# Work required
Skip the pictures. Quote every line below, exactly, from the one with "How much does teeth whitening cost 43 1" through the final line.

(Exercise input Opens)

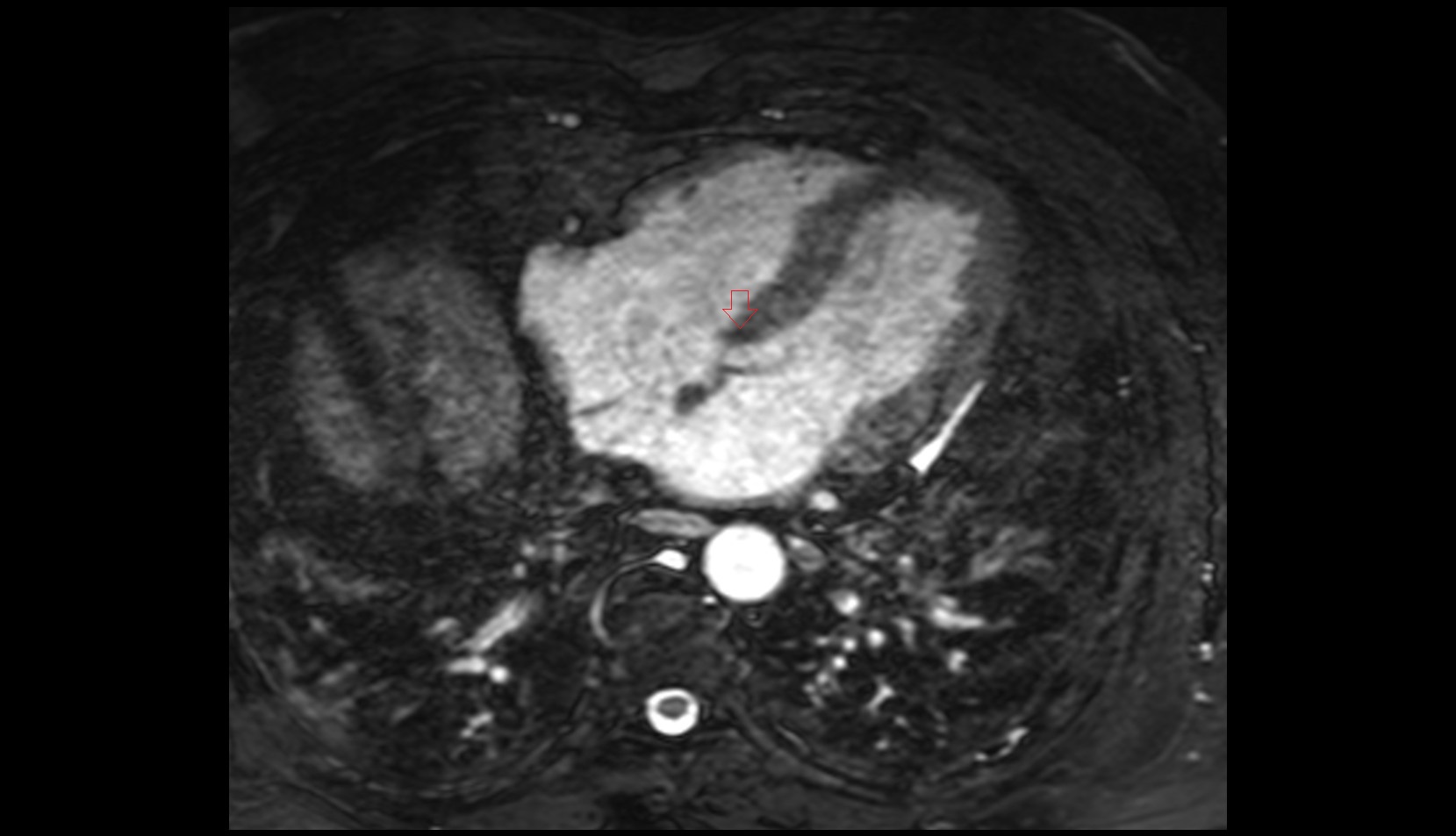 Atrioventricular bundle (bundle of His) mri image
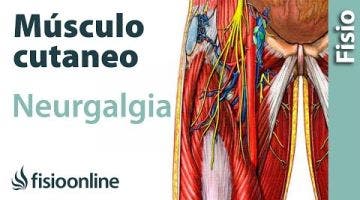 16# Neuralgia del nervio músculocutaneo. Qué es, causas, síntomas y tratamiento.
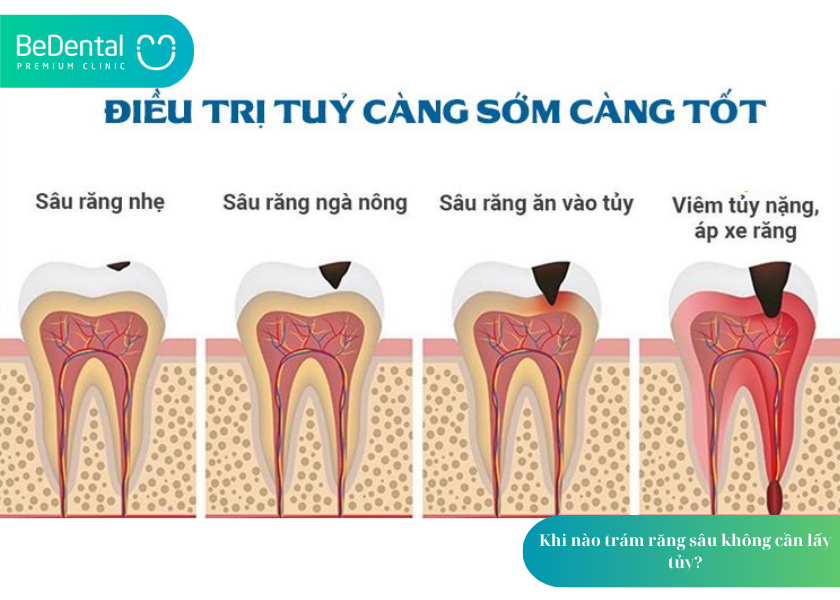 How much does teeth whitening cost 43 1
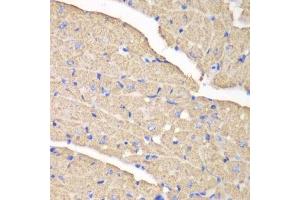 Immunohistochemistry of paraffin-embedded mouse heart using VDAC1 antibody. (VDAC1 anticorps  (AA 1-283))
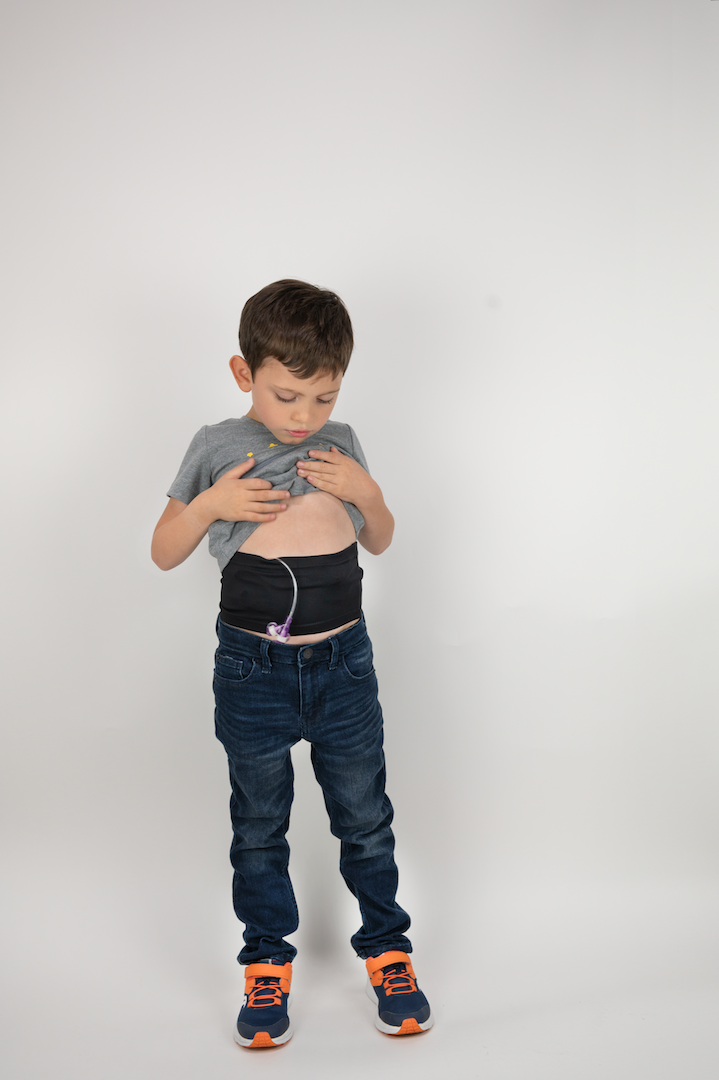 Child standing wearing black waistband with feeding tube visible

(Exercise input Closes)

# Exercise response
 How much does teeth whitening cost 43 1
 Immunohistochemistry of paraffin-embedded mouse heart using VDAC1 antibody. (VDAC1 anticorps  (AA 1-283))
 Child standing wearing black waistband with feeding tube visible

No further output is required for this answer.